“The One Who Wore the Mark”
A tense encounter between Boba Fett and one of his old acquisitions.
- Story by English Eaves
- Estimated reading time: 12 minutes (2,502 words)
Devin Kel'loriz jerked Artiman Keztril toward her as she thrust her vibroblade into his gut. The blade scraped against the edge of his armor and sank into his flesh. He roared his pain and slumped against her, his chin resting on her shoulder. He coughed violently and a mist of crimson stained his lips. Devin took hold of his throat and pushed him arms length away from her. His legs barely held him, and he wrapped his hand around her wrist, trying to stay on his feet. His blue eyes locked on her dark gaze, and he stared at her, his right eye weeping blood and swollen shut. His breaths came shallow and ragged as he vomited up raspy words.
"I should...have killed you...when I had the chance..." the last syllable trailed off into a hiss. He reached out with his other hand and clumsily hooked his bloody fingers over the metal ring that Devin wore around her neck. The collar that he had put there many years ago.
She said nothing, only pushed him , and his legs gave way. He slid off of her knife, toward the floor, his fingers coming free of her collar. His own weight pulled him down and a crimson trail marked the path of his hand down her throat and flight suit, stained by the blood that flowed from his busted knuckles. He landed hard on his back and was still. Devin looked down on him, nothing showing in her eyes. No emotion. No remorse. There was only the darksome, empty gaze of one who had no fear of entering into death.

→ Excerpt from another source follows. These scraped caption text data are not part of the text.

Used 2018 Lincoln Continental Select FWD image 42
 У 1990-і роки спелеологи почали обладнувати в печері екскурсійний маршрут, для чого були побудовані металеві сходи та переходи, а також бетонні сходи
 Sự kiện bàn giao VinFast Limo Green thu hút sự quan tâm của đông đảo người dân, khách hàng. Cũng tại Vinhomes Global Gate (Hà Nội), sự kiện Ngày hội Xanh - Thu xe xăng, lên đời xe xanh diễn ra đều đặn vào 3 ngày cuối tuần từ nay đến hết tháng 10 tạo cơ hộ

Her eyes clung to the man when his corpse twitched. His face was barely recognizable. Blood darkened his once pale skin, and washed into his eyes. His nose was crushed against his face, the bones splintering through the softer cartilage and flesh. As she stared down at him, she could not recall what he had looked like. His eyes were blue, yes. His hair was blonde, certainly. She could see that much. But the finer details of his visage evaded her memory. It was odd to her that she had spent so much of her life hating this man, hunting him, seeking him out for the soul purpose of destroying him. Artiman had done terrible things to her long ago, to her family, to her people. He had tortured so many that she once held dear. And now, in the instant she had disposed of him, he was forgotten.
She lifted her gaze toward the open door that usually allowed mid day's light to pour through it. The threshold was darkened by a single figure silhouetted by the sunlight. Light rolled over the dull dome of his helm, showing her its dark blue-green color. The tall stem of motion sensory equipment rose from the right side of the helm, and a pattern of short, vertical stripes were painted in a harsh spatter of yellow above and to the left of the worn red face plate. The dark " T " shaped visor appeared deep and empty until he turned his head and the dim tavern light streamed over the slick visual plate like an electric surge.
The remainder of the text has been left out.